START Provided data

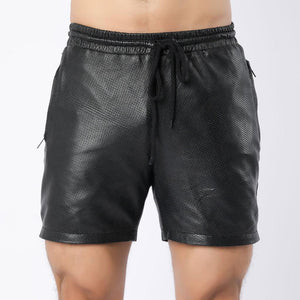 Perforated Leather Shorts For Men - Dotted Leather Shorts - TheBougees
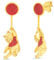 Disney Klassisch Winnie the Pooh Ohrstecker mit Gelbgold Plattiert, Schwingender Ballon, Offizielle Disney Schmuck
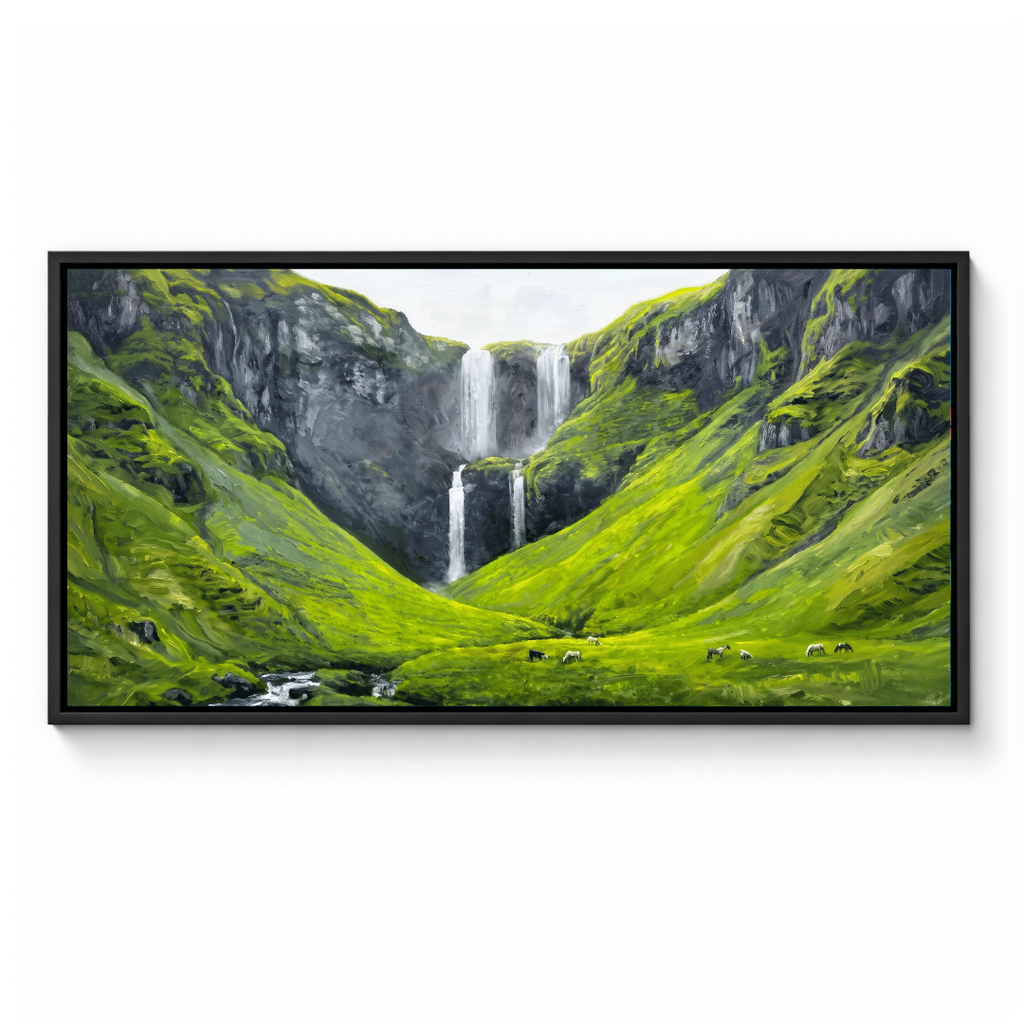 Lush Green Waterfall Valley - Image 3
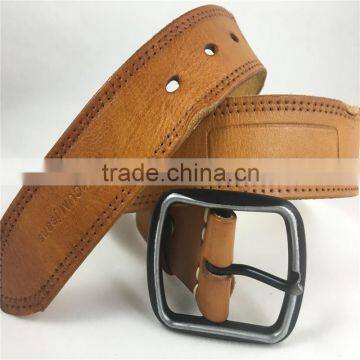 black zinc alloy buckle durable cow hide genuine leather belt for men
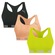 Top Puma Nadador sem Costura - 3 Unidades - Feminino PRETO/VERDE
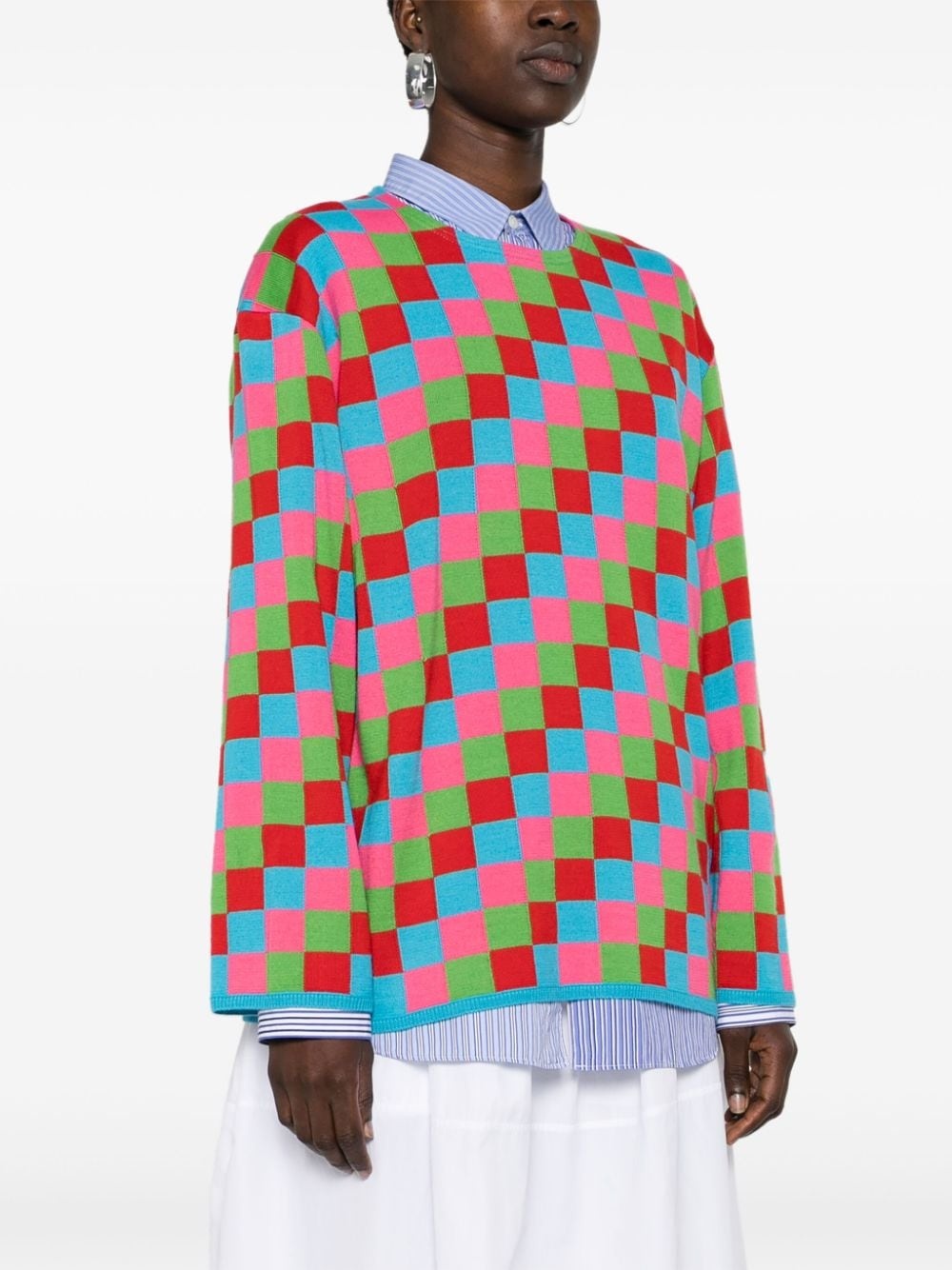 checked fisherman's-knit jumper - 3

END Provided data

Begin with the line holding "Lush Green Waterfall Valley - Image 3" and end with the last line of the listing. Reproduce each of those lines exactly, and leave every picture out.

#### Output for this exercise:
 Lush Green Waterfall Valley - Image 3
 black zinc alloy buckle durable cow hide genuine leather belt for men
 Top Puma Nadador sem Costura - 3 Unidades - Feminino PRETO/VERDE
 checked fisherman's-knit jumper - 3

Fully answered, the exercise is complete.